| 30 May 2024, Thursday |

Sudan security forces use tear gas against anti-coup rally: Witness

According to a witness, Sudanese security forces fired tear gas at an anti-coup rally in Khartoum on Sunday to protest last month’s military takeover.

“We organized a silent protest outside the Ministry of Education against Burhan’s decisions,” said Mohamed al-Amin, a geography teacher who took part in the protest against the country’s top general, Abdel Fattah al-Burhan.

“Police later came and fired tear gas at us, despite the fact that we were simply standing on the streets and carrying banners that read, ‘No, no to military rule,'” he added, calling for a transition to “full civilian rule.”


Street barricades

Following calls for civil disobedience to protest last month’s military coup, anti-coup protesters built street barricades in and around the capital overnight Saturday.

According to witnesses and AFP correspondents, activists were seen working in the dark to pile up bricks and large slabs to block streets in Khartoum and neighboring cities.

Their preparations came in response to calls for civil disobedience issued by the Sudanese Professionals Association (SPA), an umbrella of unions that played a role in the 2018-2019 protests that ousted longtime President Omar al-Bashir.

Since October 25, the day of the putsch, the SPA has used text messages to bypass internet outages.

“The Sudanese people have rejected the military coup,” the Sudanese People’s Liberation Army (SPA) declared on Twitter, vowing “no negotiation, no partnership, no legitimacy.”

“We will begin by barricading the main streets in preparation for mass civil disobedience on Sunday and Monday,” it said, urging protesters to avoid clashes with security forces.

Protests across the country, including tens of thousands on October 30, have been met with a deadly crackdown. According to the independent Central Committee of Sudanese Doctors, at least 14 demonstrators have been killed and approximately 300 have been injured.

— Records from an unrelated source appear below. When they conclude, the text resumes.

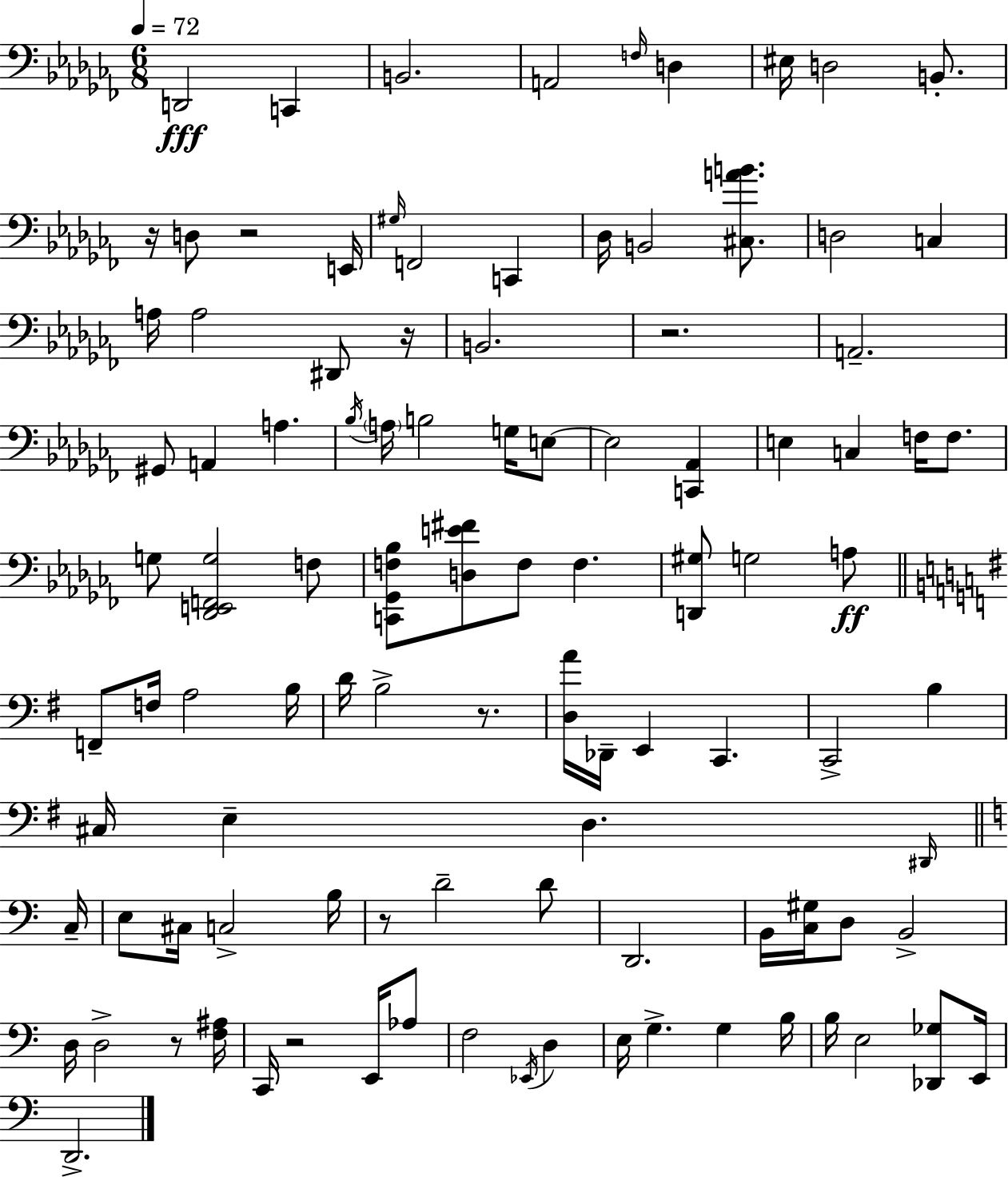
{
  \clef bass
  \numericTimeSignature
  \time 6/8
  \key aes \minor
  \tempo 4 = 72
  d,2\fff c,4 | b,2. | a,2 \grace { f16 } d4 | eis16 d2 b,8.-. | \break r16 d8 r2 | e,16 \grace { gis16 } f,2 c,4 | des16 b,2 <cis a' b'>8. | d2 c4 | \break a16 a2 dis,8 | r16 b,2. | r2. | a,2.-- | \break gis,8 a,4 a4. | \acciaccatura { bes16 } \parenthesize a16 b2 | g16 e8~~ e2 <c, aes,>4 | e4 c4 f16 | \break f8. g8 <des, e, f, g>2 | f8 <c, ges, f bes>8 <d e' fis'>8 f8 f4. | <d, gis>8 g2 | a8\ff \bar "||" \break \key e \minor f,8-- f16 a2 b16 | d'16 b2-> r8. | <d a'>16 des,16-- e,4 c,4. | c,2-> b4 | \break cis16 e4-- d4. \grace { dis,16 } | \bar "||" \break \key c \major c16-- e8 cis16 c2-> | b16 r8 d'2-- d'8 | d,2. | b,16 <c gis>16 d8 b,2-> | \break d16 d2-> r8 | <f ais>16 c,16 r2 e,16 aes8 | f2 \acciaccatura { ees,16 } d4 | e16 g4.-> g4 | \break b16 b16 e2 <des, ges>8 | e,16 d,2.-> | \bar "|."
}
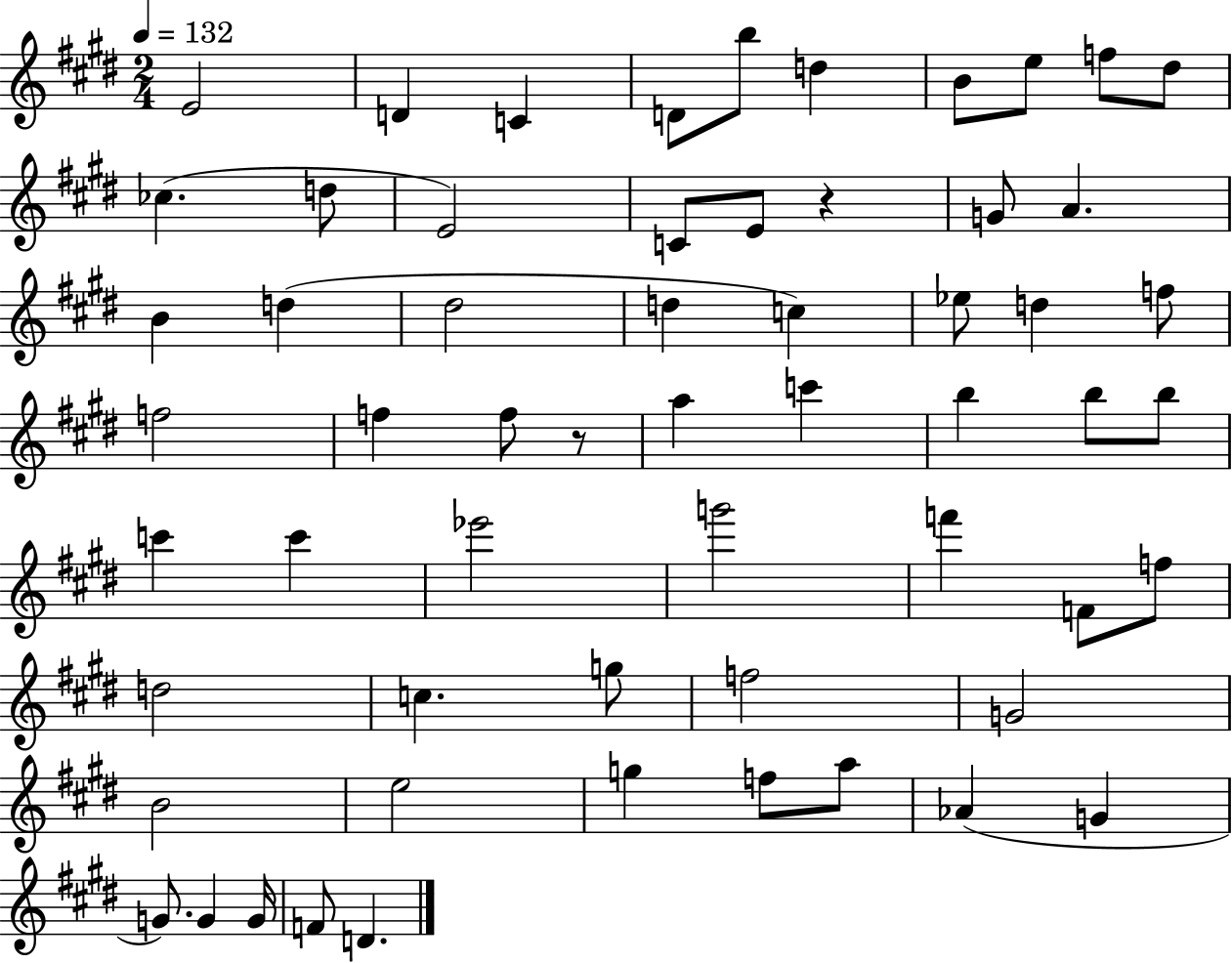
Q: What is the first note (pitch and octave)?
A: E4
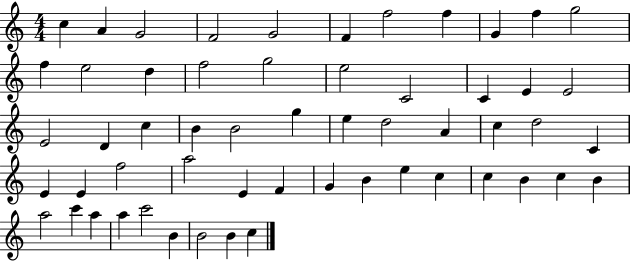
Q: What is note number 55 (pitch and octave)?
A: B4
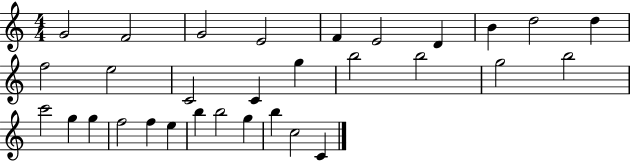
G4/h F4/h G4/h E4/h F4/q E4/h D4/q B4/q D5/h D5/q F5/h E5/h C4/h C4/q G5/q B5/h B5/h G5/h B5/h C6/h G5/q G5/q F5/h F5/q E5/q B5/q B5/h G5/q B5/q C5/h C4/q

According to witnesses, some shops remained open on Sunday morning in Khartoum and its twin cities of Omdurman and Khartoum-North, while others were closed.

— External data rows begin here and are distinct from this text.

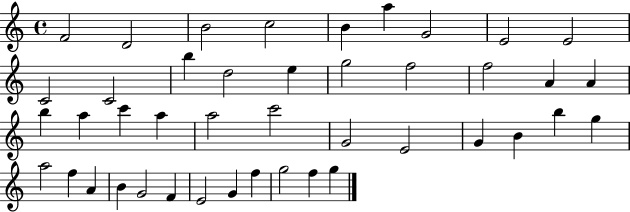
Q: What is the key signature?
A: C major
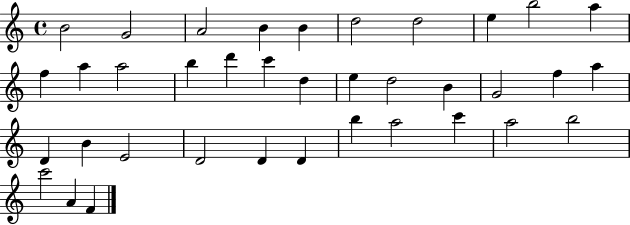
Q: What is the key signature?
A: C major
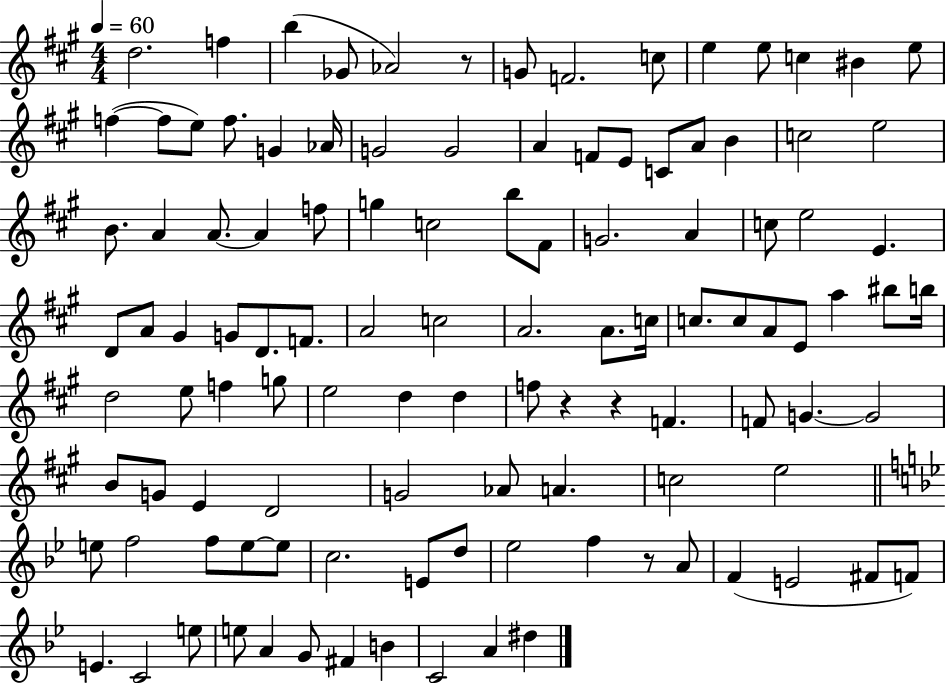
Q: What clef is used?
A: treble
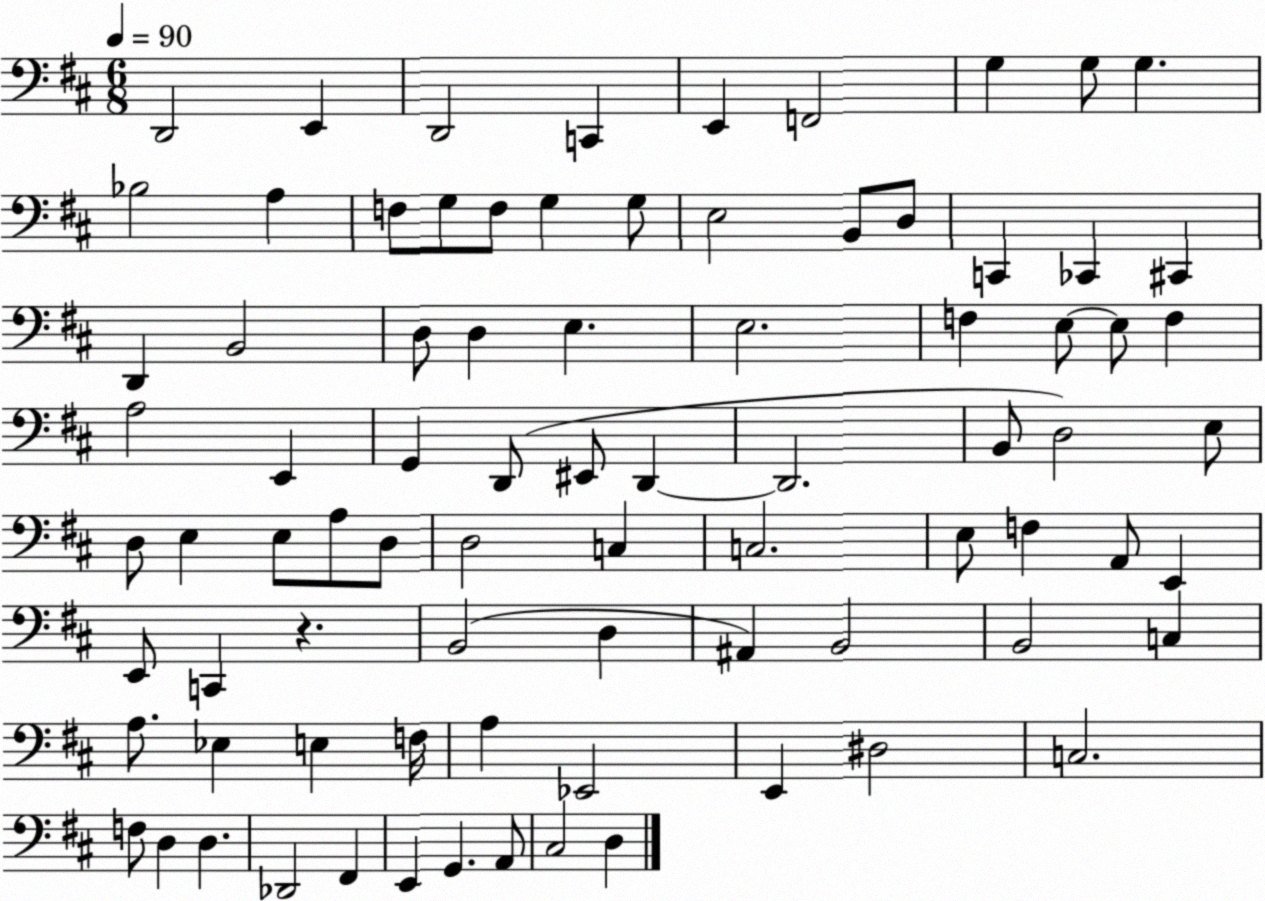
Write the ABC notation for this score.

X:1
T:Untitled
M:6/8
L:1/4
K:D
D,,2 E,, D,,2 C,, E,, F,,2 G, G,/2 G, _B,2 A, F,/2 G,/2 F,/2 G, G,/2 E,2 B,,/2 D,/2 C,, _C,, ^C,, D,, B,,2 D,/2 D, E, E,2 F, E,/2 E,/2 F, A,2 E,, G,, D,,/2 ^E,,/2 D,, D,,2 B,,/2 D,2 E,/2 D,/2 E, E,/2 A,/2 D,/2 D,2 C, C,2 E,/2 F, A,,/2 E,, E,,/2 C,, z B,,2 D, ^A,, B,,2 B,,2 C, A,/2 _E, E, F,/4 A, _E,,2 E,, ^D,2 C,2 F,/2 D, D, _D,,2 ^F,, E,, G,, A,,/2 ^C,2 D,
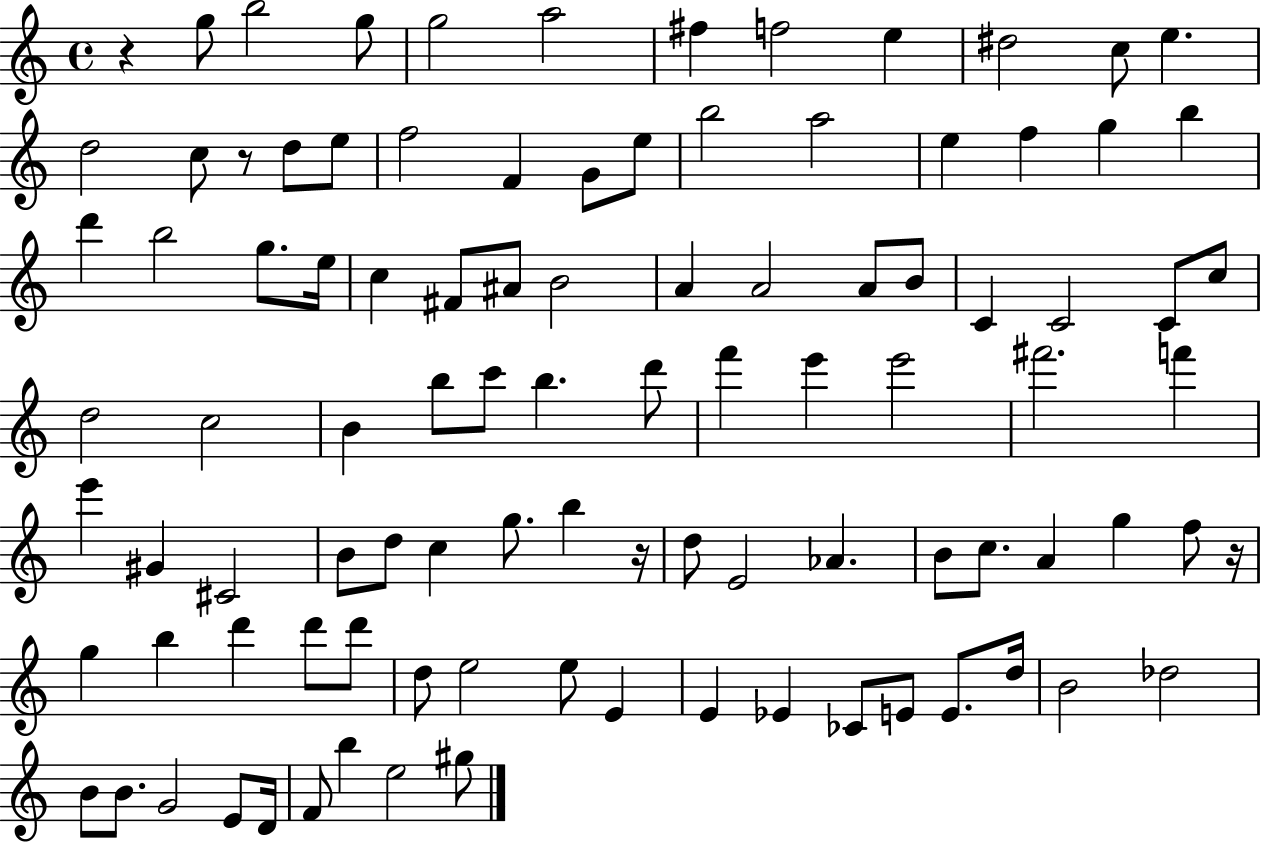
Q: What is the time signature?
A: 4/4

“There is less movement on the streets than usual, but there is no full blockage of streets or closure of shops” following the civil disobedience call, according to an Omdurman witness who declined to give his name for fear of retaliation.

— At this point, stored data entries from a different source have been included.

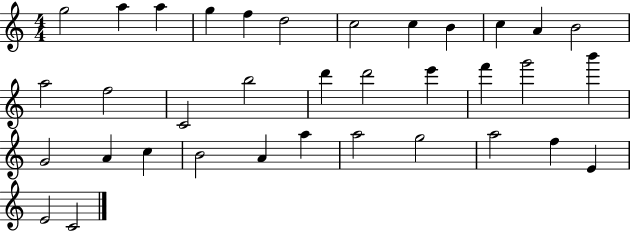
{
  \clef treble
  \numericTimeSignature
  \time 4/4
  \key c \major
  g''2 a''4 a''4 | g''4 f''4 d''2 | c''2 c''4 b'4 | c''4 a'4 b'2 | \break a''2 f''2 | c'2 b''2 | d'''4 d'''2 e'''4 | f'''4 g'''2 b'''4 | \break g'2 a'4 c''4 | b'2 a'4 a''4 | a''2 g''2 | a''2 f''4 e'4 | \break e'2 c'2 | \bar "|."
}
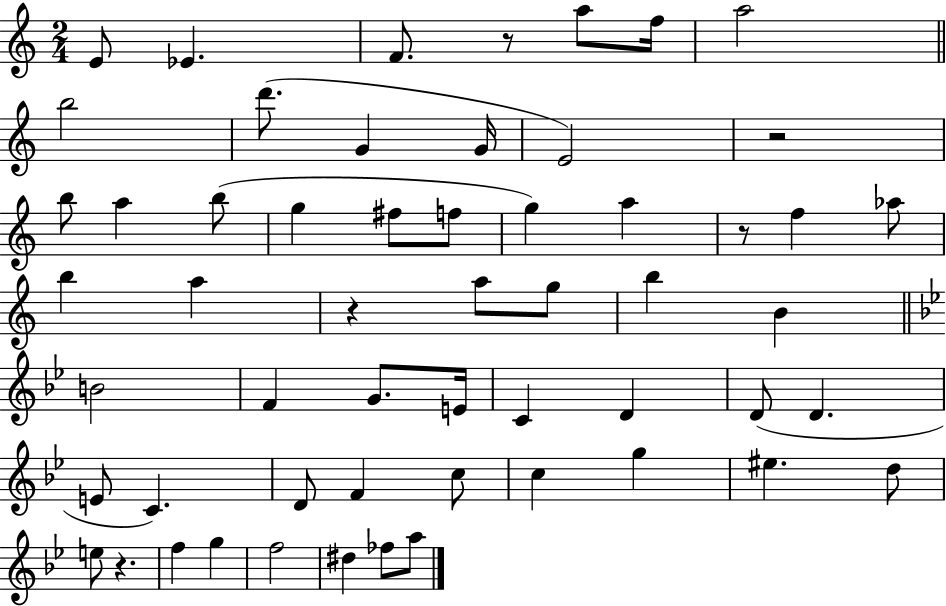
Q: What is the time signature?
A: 2/4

Sudan’s top general, Abdel Fattah al-Burhan, dissolved the government and the ruling joint military-civilian Sovereign Council, which was supposed to lead the country toward full civilian rule, almost two weeks ago.

He also declared a state of emergency and detained Sudan’s civilian leadership, including Prime Minister Abdalla Hamdok and his cabinet.

Hamdok was later placed under effective house arrest, and the military has released four civilian members of his government since Thursday.

Other key figures are still detained.

The military takeover elicited international condemnation, including punitive aid cuts and calls for a speedy return to civilian rule.

Burhan insists that it “was not a coup,” but rather an attempt to “correct the course of the transition.”